ZPP w swoim podsumowaniu lockdownu w Polsce krytycznie ocenia pracę rządu. Eksperci wyliczają: brak przejrzystych decyzji, zaskakiwanie kolejnymi ograniczeniami czy brak powiązania sytuacji epidemicznej z restrykcjami. - Jeśli nie powstrzymamy tego chaosu i utrzymamy obowiązujące obciążenia, grozi nam fala bankructw i masowych zwolnień, które odbiją się nie tylko na kondycji finansowej przedsiębiorstw, ale również na warunkach bytowych pracowników- napisano.
Eksperci podkreślają, że polscy przedsiębiorcy "nigdy nie mieli komfortu operowania w stabilnych warunkach regulacyjnych". Jako dowód wymieniono tutaj wskaźniki zmienności prawa w kraju, które od lat maja się utrzymywać na najwyższych poziomach w Europie.
Jednocześnie zwrócono uwagę, że w trakcie pandemii przedsiębiorcy zostali pozbawieni jakiejkolwiek pewności i przewidywalności prawa. - Obecnie mija jedenasty miesiąc funkcjonowania przedsiębiorstw w warunkach ograniczeń, nakazów i zakazów, których zakres zmienia się co kilka tygodni i jest ustanawiany całkowicie arbitralnie w oderwaniu nawet od danych epidemiologicznych- czytamy.
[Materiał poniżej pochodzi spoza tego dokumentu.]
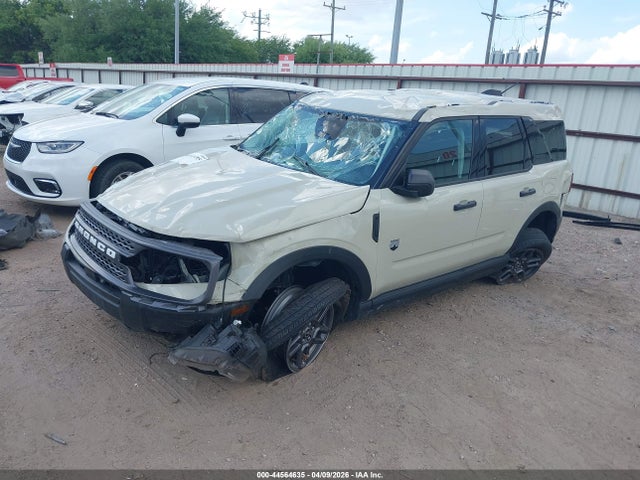3FMCR9BNXSRE22761 Ford Bronco Sport Big Bend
- Ograniczenia są katastrofalne w skutkach dla wielu branż. Hotele, lokale gastronomiczne, sklepy w galeriach handlowych, kluby fitness – wszystkie te miejsca zatrudniają miliony Polaków, a utracone przychody liczą w miliardach złotych. Ich sytuację dodatkowo pogarszają nowe daniny, takie jak podatek od sprzedaży detalicznej, którego pobór odwieszono, czy podatek cukrowy- napisano.
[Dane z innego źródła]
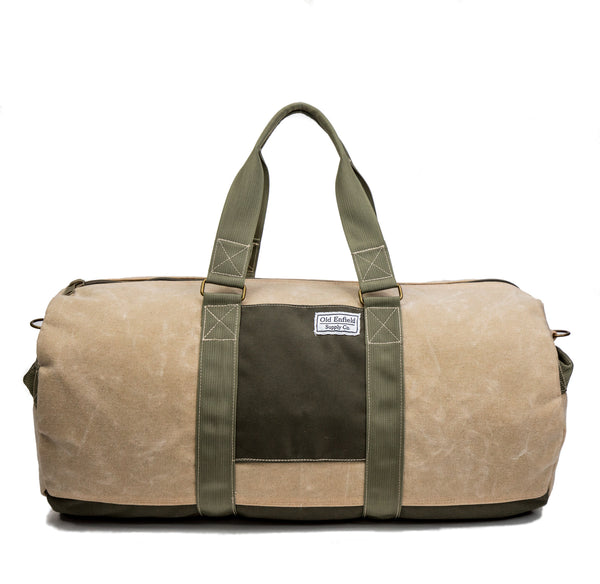 The Best Wax Canvas Luggage, 48-Hour Duffel Bags, Vintage Duffels - Old ...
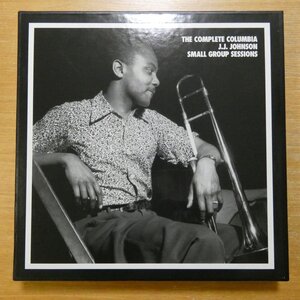 41119287;【6CDBOX/MOSAIC】J.J.JOHNSON / THE COMPLETE COLUMBIA J.J.JOHNSON SMALL GROUP SESSIONS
Eksperci ZPP powołując się na "badania naukowe" poddają pod wątpliwość "skuteczność obranej przez polski rząd strategii wychodzenia z lockdownu".
Jakie rozwiązanie proponuje ZPP? Ich zdaniem, przy zachowaniu odpowiednich środków ostrożności, przedsiębiorcy są w stanie bezpiecznie prowadzić swoje działalności. - Polski nie stać na poniesienie kosztu ekonomicznego związanego z dalszym utrzymywaniem ograniczeń. Należy wrócić do mapy drogowej przedstawionej w listopadzie i umożliwić firmom działanie, z zachowaniem standardu DDM- zakończono.